Juval Harari, leído más allá de la ficción, mitifica el estatuto de la ciencia en un culto que, de paso, beatifica a los gigantes tecnológicos, especialmente a Facebook.
Recuerda a Francis Bacon en su “Novum organum” (1620), cuando siembra la sentencia “saber es poder”.
La nueva cultura ‘online’ escamotea ese principio al traducirlo por “información es poder”, cuando, en realidad, es el poder mismo que se disfraza de información, preservando, aunque metamorfoseado, el eje de la relación entre saber y poder.

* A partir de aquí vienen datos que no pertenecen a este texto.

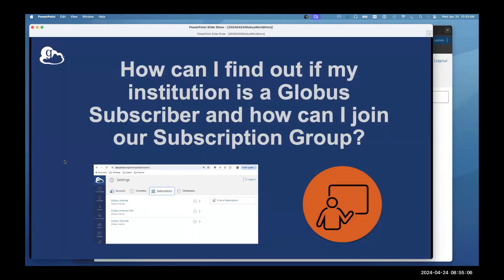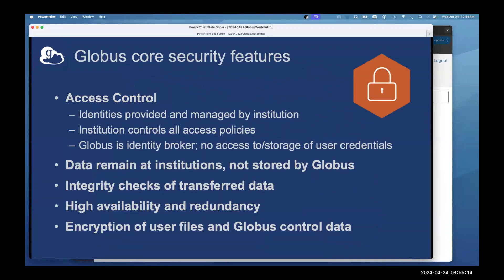Finally, Globus security: access control identities are managed at the institutional level — we are not the identity provider, you use your existing identity to log in. Data stays at the institution; we don't absorb or see your data, it goes directly between your collections. We do integrity checks on transferred data so what you see is what you get. The Globus service runs in multiple availability zones in the AWS cloud, so it's highly available and redundant.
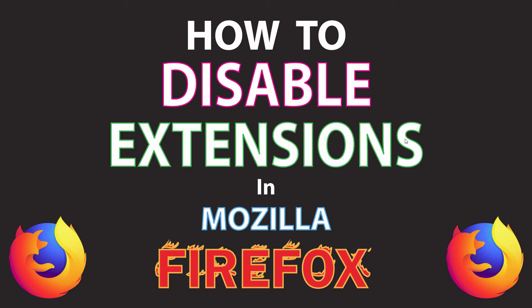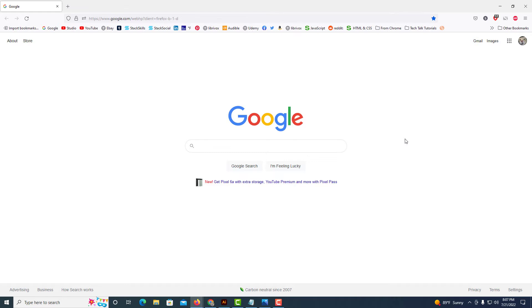This is going to be a video tutorial on how to disable extensions in the Mozilla Firefox web browser. I'll be using a desktop PC for this. Let me jump over to the Firefox browser. Okay, I have Firefox opened.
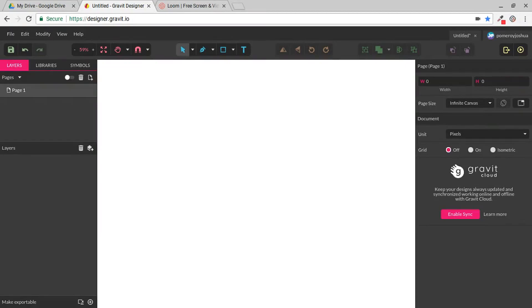Hi everybody, this is Josh with a video on Gravit Designer. In this video, we're going to be looking at some of the primitive shapes or smart shapes available in Gravit Designer.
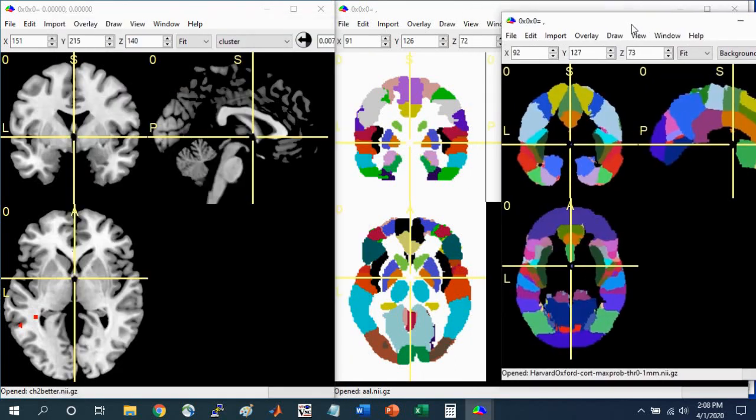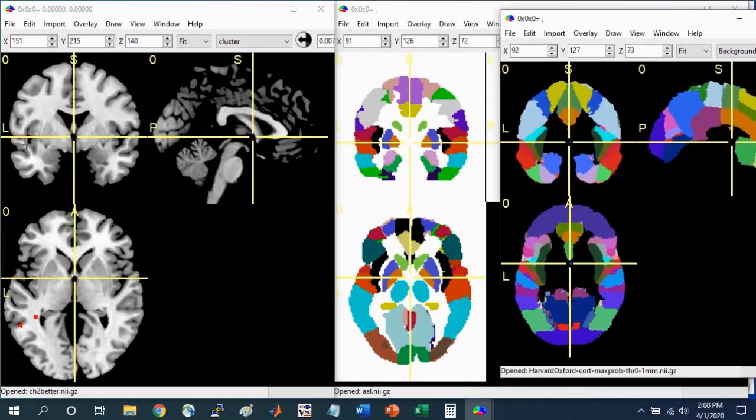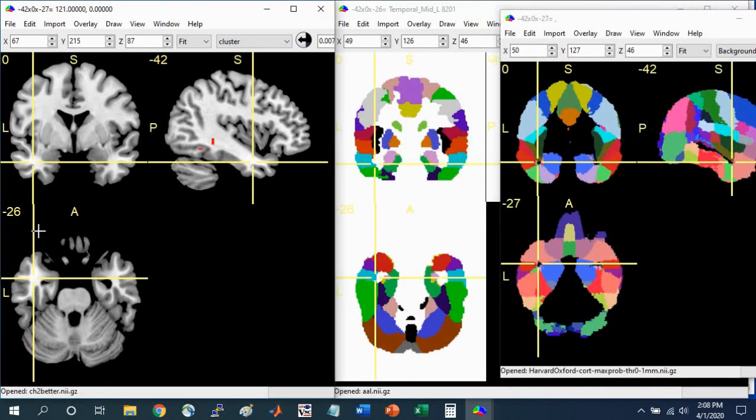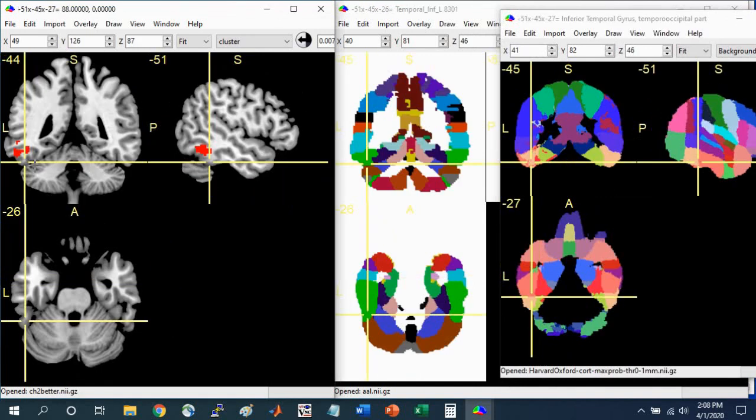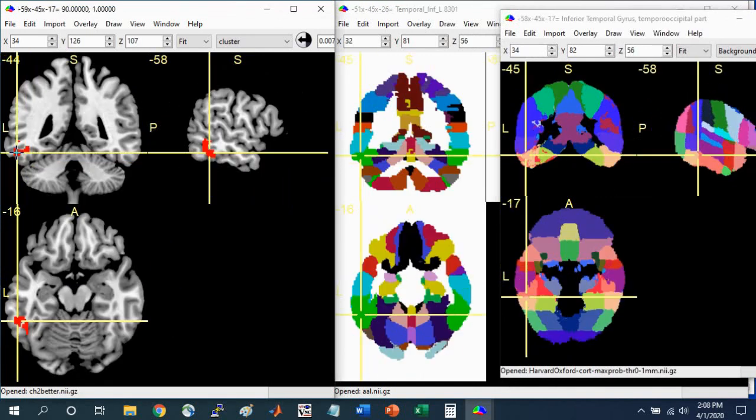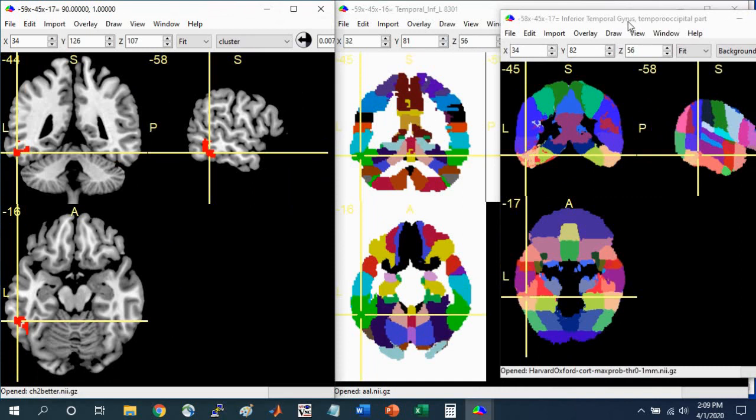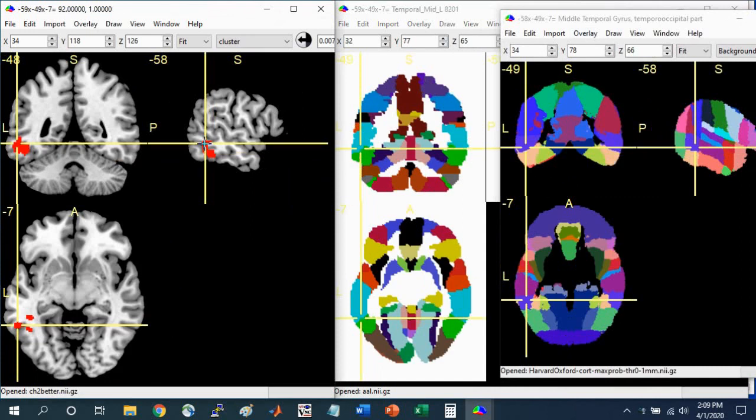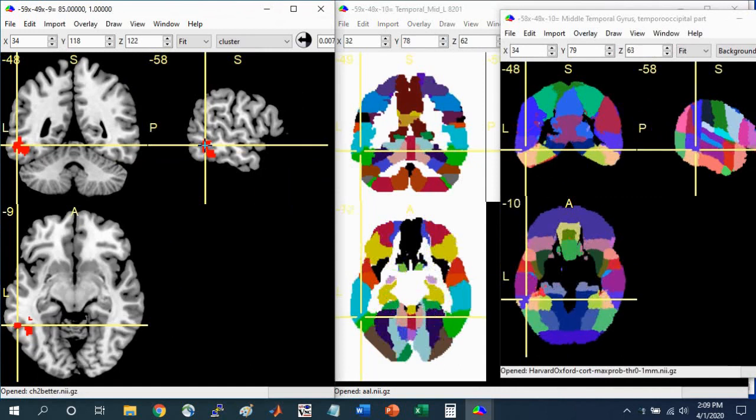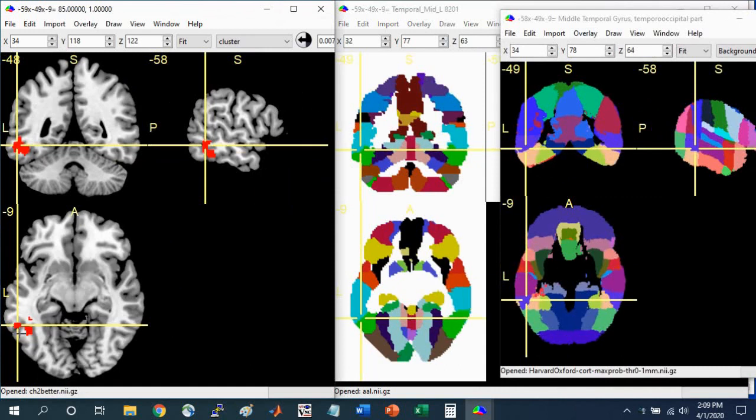Let's say I want to again navigate to this cluster. You can see how the region is defined in the AAL Atlas. Up here at the top, it's the left inferior temporal gyrus. In the Harvard-Oxford Atlas, the same coordinate is defined as the left inferior temporal gyrus, the temporal occipital part. Now you can click on different voxels of the cluster you're interested in and see what parts of the brain are associated with it. That's one way you can do it.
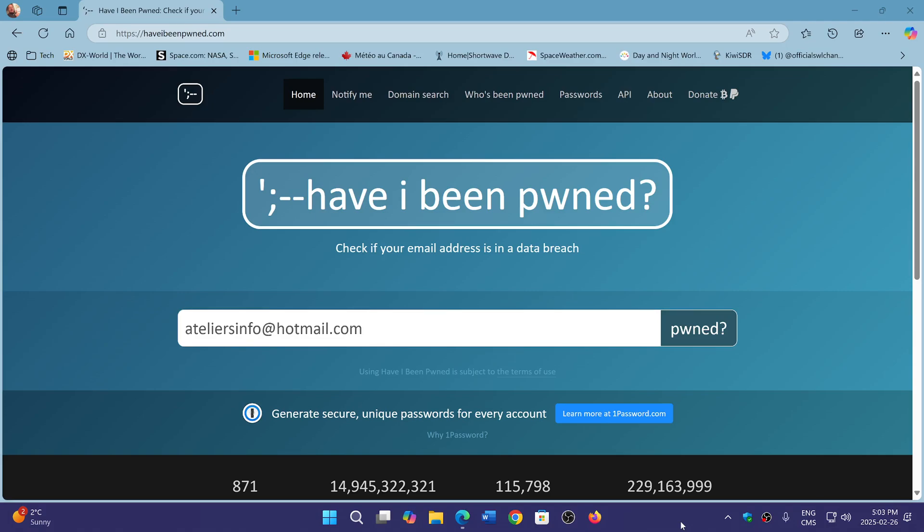Welcome to the Windows Computer and Technology channel. I've talked about this website in the past. This is Have I Been Pwned, a website where you basically enter your email address and you can see if it was ever compromised in some website.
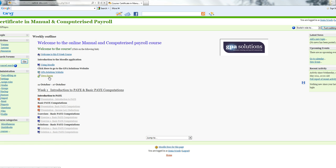All our courses are set out week by week, and the plan is to get through all the material in each week as it arises. In week one, we will be starting with an introduction to PAYE and basic PAYE computations. In this module, we have PowerPoint presentations with audio to give an introduction to PAYE and a lesson on basic PAYE computations. We also have two exercises and two solutions for you to complete.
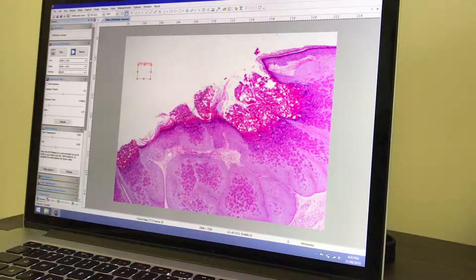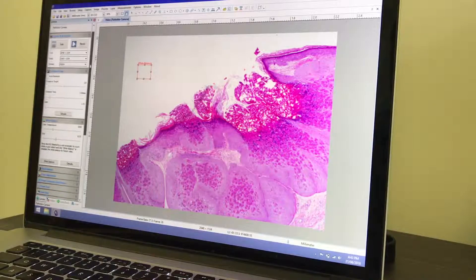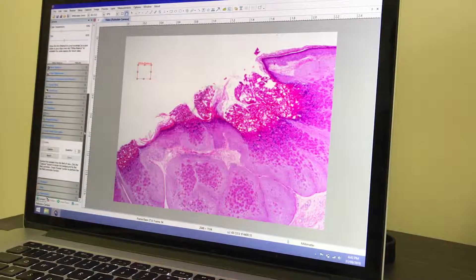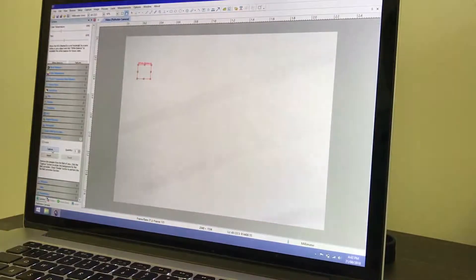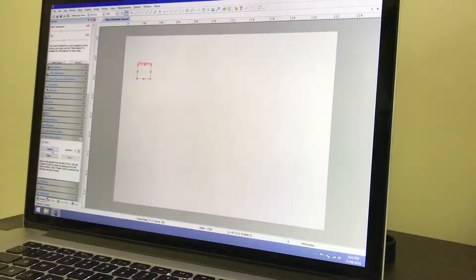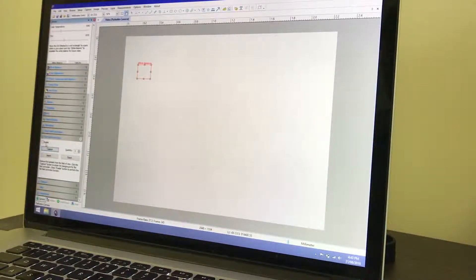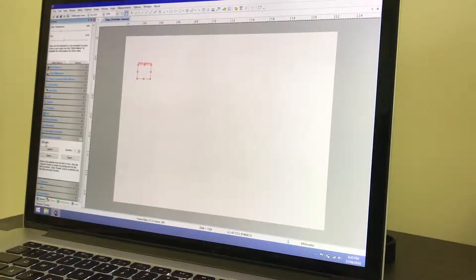Before starting the stitching, we need to perform one step called Flat Field Correction. This corrects any unevenness in the illumination of our view. All we need to do is remove the slide so we can see only the blank brightfield view. Click Capture, and then check the Enable box. You'll see the illumination becomes even across the live view.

La revolución científica, que tuvo por base descubrir nuestra propia ignorancia, ha sido marcada por dos procesos históricos relevantes: el lanzamiento de prueba de la primera bomba atómica, en Alamogordo, Nuevo México, a las 5:30 de la mañana del 16 de julio de 1945, y el alunizaje del Apolo 11, el 20 de julio de 1969.
De acuerdo con el pensador israelí, esta revolución científica se afianzará en dos bases, a saber, los imperios europeos y la economía del capitalismo. Hay que recordar a Harari que también el comunismo envió cohetes al espacio y que hoy, desgastado y moribundo, se pavonea con la posesión de ojivas nucleares. Contradictoriamente, da cuenta de que la investigación científica solo puede florecer abonada por alguna religión o ideología.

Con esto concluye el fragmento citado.